A faithful copy of the entries is needed, one that leaves out the pictures.

* _Items from a dataset_:
_ _ _ _ _
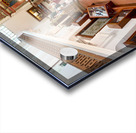 People explore a grand museum or synagogue with historical exhib Acrylic print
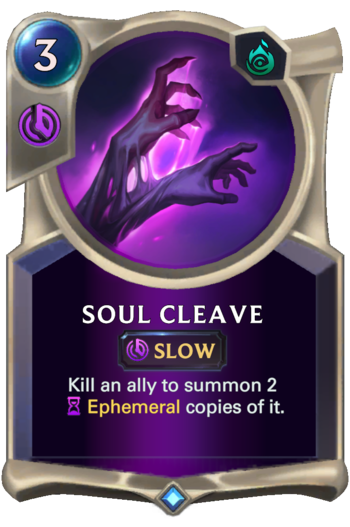 Soul Cleave Card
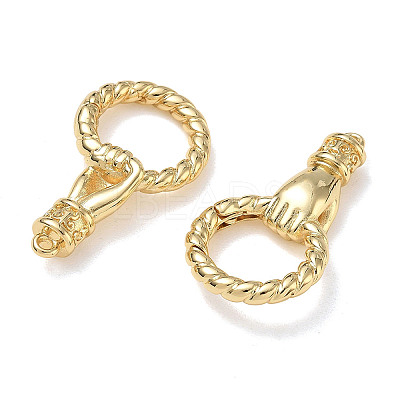Hand Brass Spring Gate Rings KK-CBA50B0-27G-1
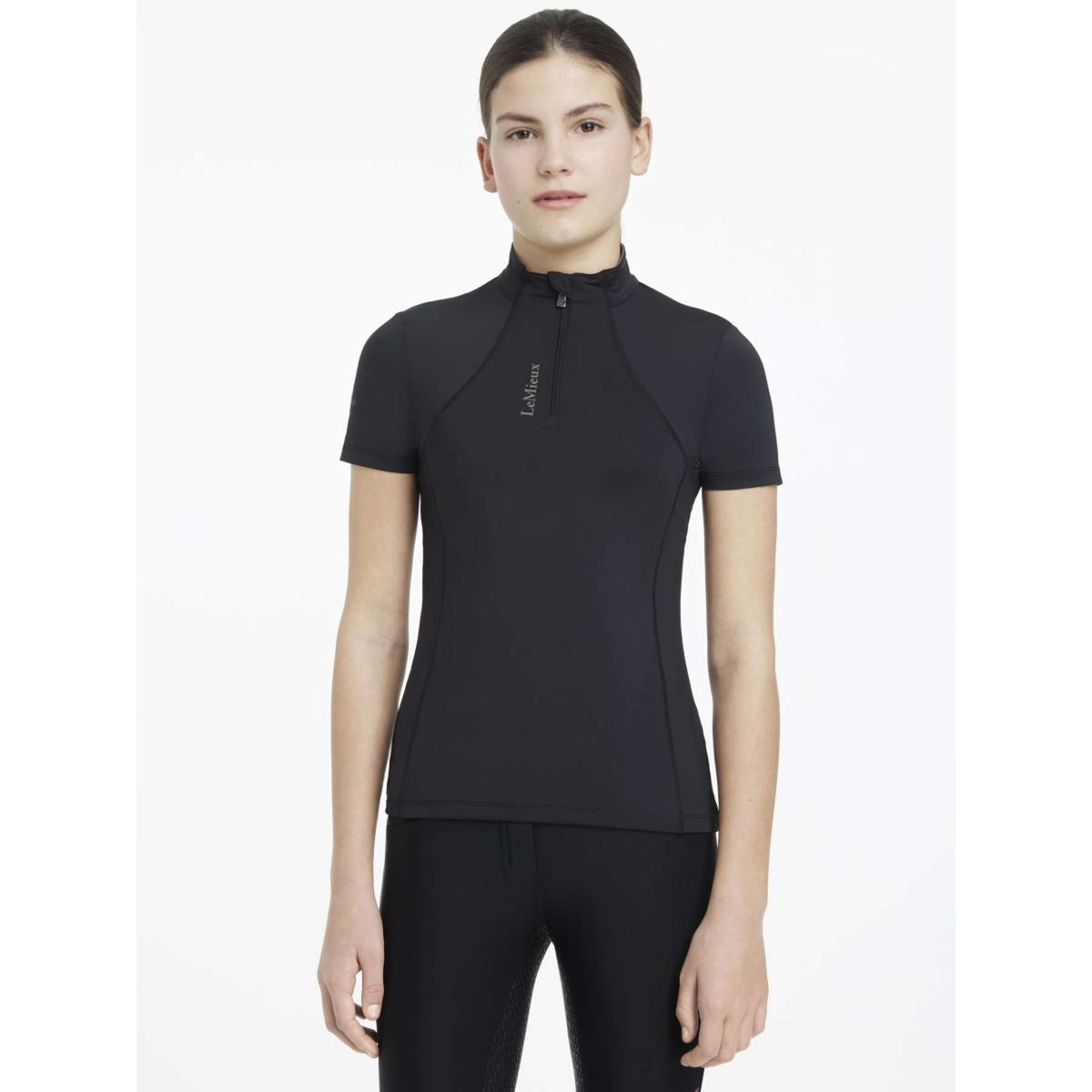 LeMieux Baselayer Young Rider Classique Korte Mouwen Zwart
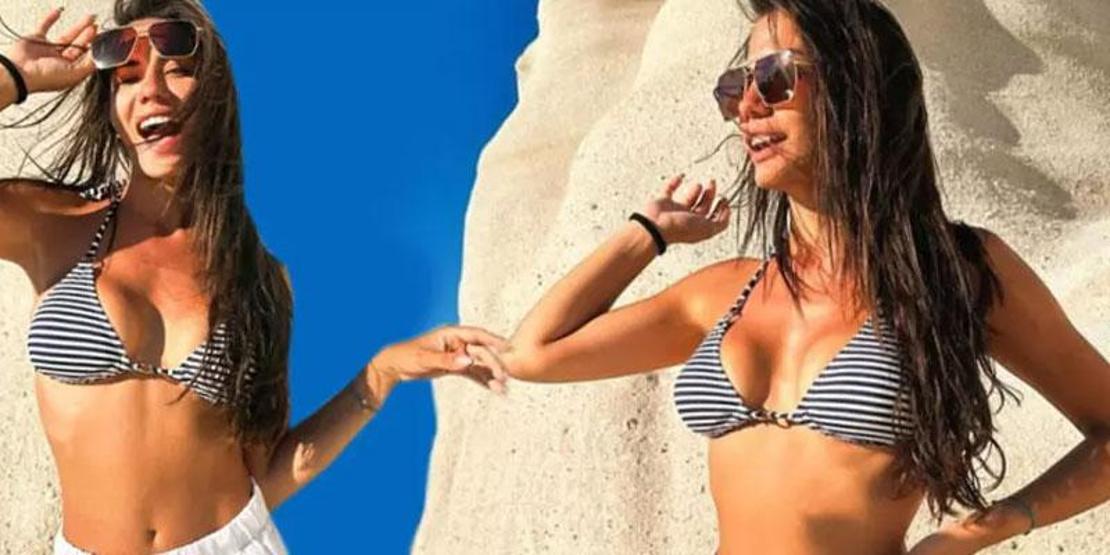 Demet Özdemirin tatil pozlarına beğeni yağdı Güneş kadar güzel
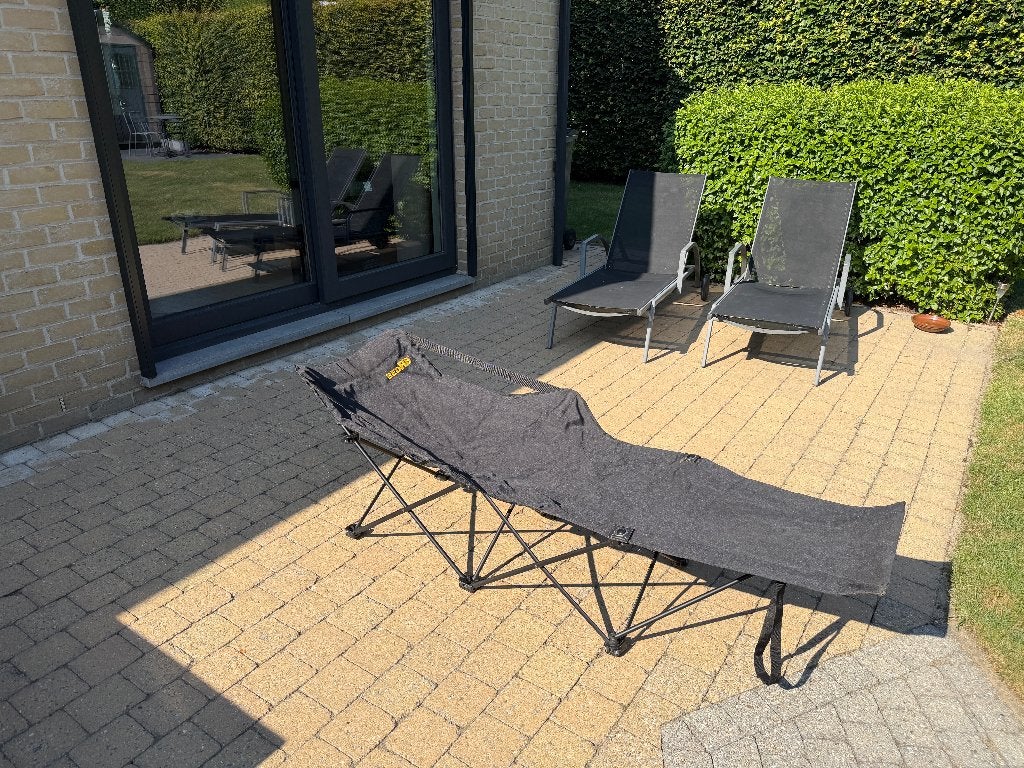 Lit de camping pliable 1 personne, Enlèvement, Comme neuf, Aluminium, Pliant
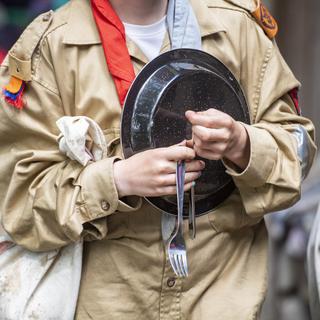 Jeunes et investis (5/10) - Arthur Schlosser, chef de la brigade des scouts de Sauvabelin (image d'illustration). [Keystone - Urs Flueeler]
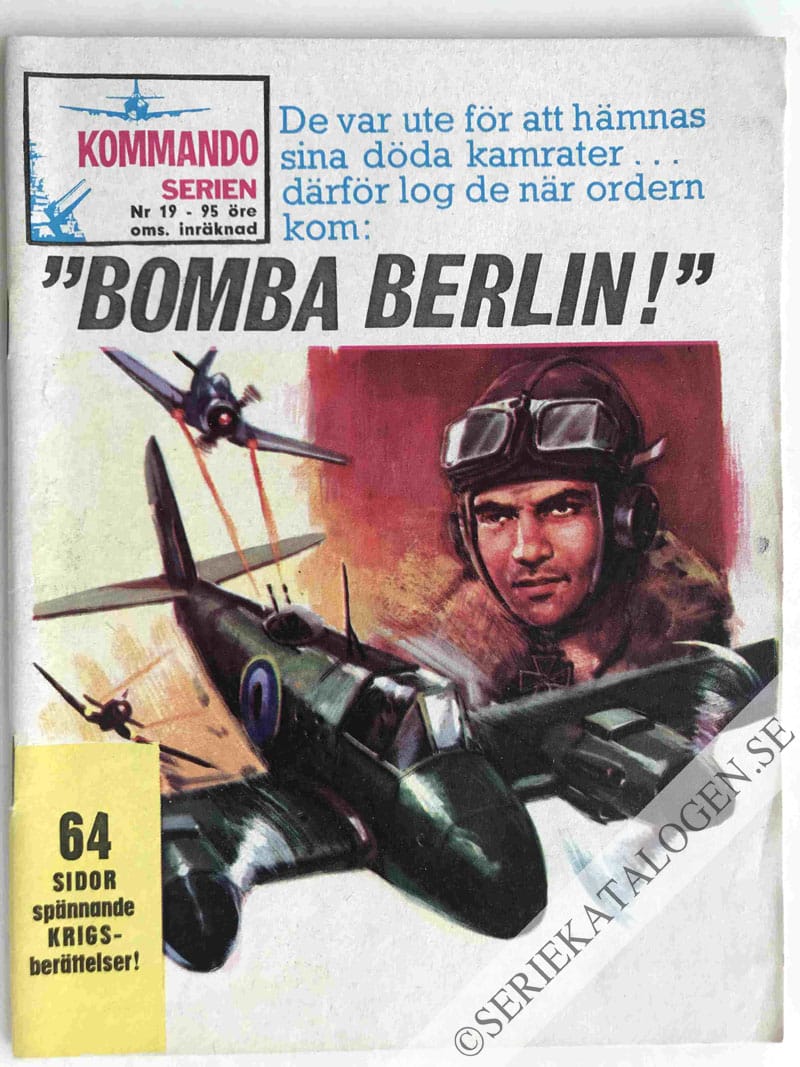 Framsida på Kommandoserien Bomba Berlin (1963)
_ _ _ _ _
* _RESPONSE TO THIS TASK_:
 People explore a grand museum or synagogue with historical exhib Acrylic print
 Soul Cleave Card
Hand Brass Spring Gate Rings KK-CBA50B0-27G-1
 LeMieux Baselayer Young Rider Classique Korte Mouwen Zwart
 Demet Özdemirin tatil pozlarına beğeni yağdı Güneş kadar güzel
 Lit de camping pliable 1 personne, Enlèvement, Comme neuf, Aluminium, Pliant
 Jeunes et investis (5/10) - Arthur Schlosser, chef de la brigade des scouts de Sauvabelin (image d'illustration). [Keystone - Urs Flueeler]
 Framsida på Kommandoserien Bomba Berlin (1963)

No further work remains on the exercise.